C’est la même chose quand tu feuillettes les livres génériques sur le vélo, ils sont généralement illustrés uniquement avec des photos d’hommes et tu te demandes immanquablement où sont les femmes dans tout ça. C’est étrange comme situation.
Personnellement, j’ai co-fondé la communauté des GOW, Girls On Wheels,il y a huit ans et les femmes sont bel et bien présentes dans ce milieu, tu les vois d’ailleurs partout : sur la route, au départ des courses… mais pas dans la littérature.
Si tu veux vraiment trouver un livre qui parle des femmes à vélo, il faut faire des recherches et commander sur internet.
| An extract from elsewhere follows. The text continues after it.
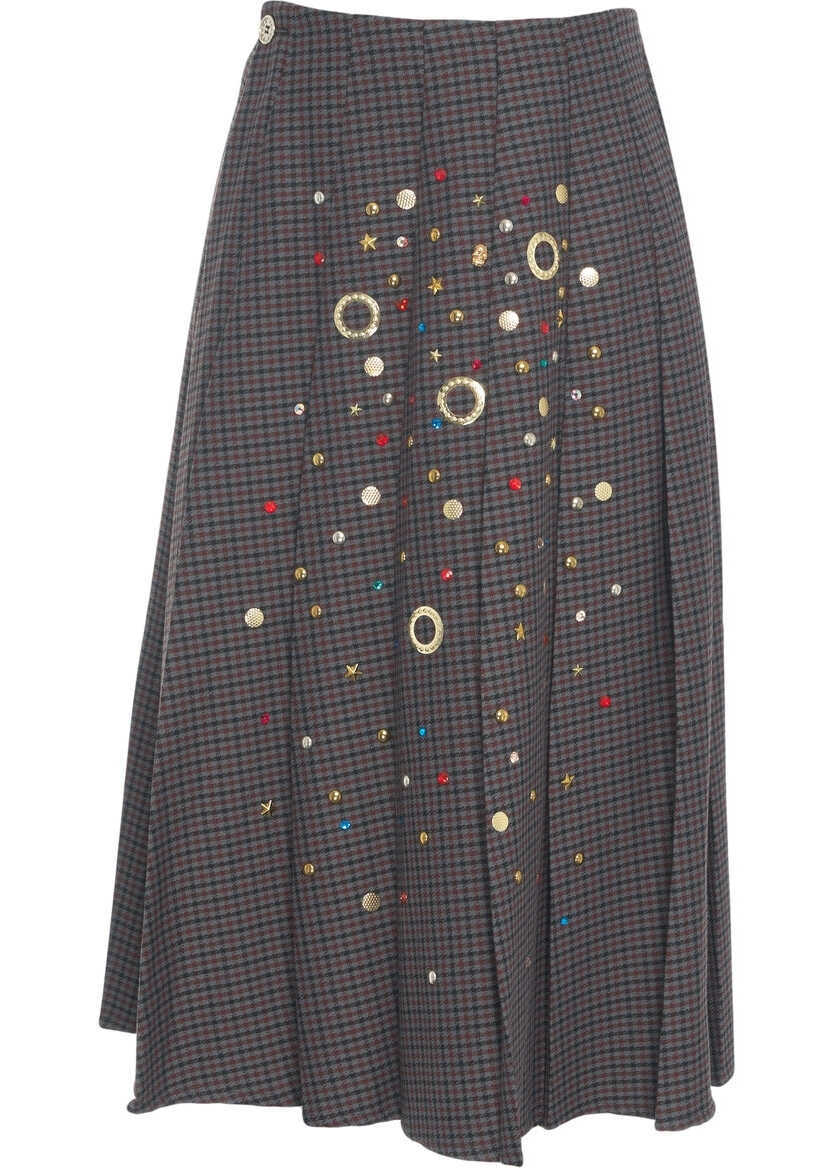 Fuste lungi 5 Progress Midi skirt with appliques Grey Femei (BM 19028884) 1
Vicky Carbonneau, une Gow girl qui roule pour les femmes et minorités de genre.
Donc, aucune chance que tu découvres ces parcours par hasard ?
C’est ça et c’est ce qui est dommage : si personne ne montre ces femmes dans les lieux où tout le monde passe, il n’y a que ceux qui sont déjà intéressés par le sujet qui vont réussir à se procurer ces livres. Ça ne contribue pas à faire connaître ces femmes aux autres qui pourraient ainsi se dire : « Cette histoire m’intéresse, je vais la lire ! ».
Pour aller chercher le grand public, il faut que ces femmes soient mises en avant dans les médias et les librairies.
Comment tu expliques ça ?
La plupart des gens avancent des raisons liées à l’argent : les livres sur les femmes ne rapportent pas. C’est ce même argument qui a conduit à l’arrêt du Tour de France, il y a quelques années. Tout cela crée un cercle vicieux. Pourtant, plus on montrera ces femmes, plus les gens s’intéresseront au sujet et plus on vendra de livres.
C’est la même chose pour les journaux. La médiatisation n’est pas la même en ce qui concerne le sport masculin et le sport féminin. Il y a eu, il y a deux ans, un webinaire sur le cyclisme féminin. Jeannie Longo y participait en compagnie de représentants de la presse et d’ASO (l’organisateur du Tour, Ndlr) et ces derniers expliquaient, en gros, que faire la Une sur le sport masculin leur rapportait plus de clics et plus de ventes.
Quel était ton but avec ce livre, amorcer le mouvement, réparer une injustice ?
Il faut se battre pour que les femmes trouvent leur place et ce n’est pas facile. Convaincre des éditeurs que ce livre pouvait être vendu n’a d’ailleurs pas été chose aisée. Je pense qu’un auteur qui frappe à la porte d’une maison d’édition en disant : « Je vous propose un livre sur Alaphilipe », personne ne se pose de questions, c’est oui direct !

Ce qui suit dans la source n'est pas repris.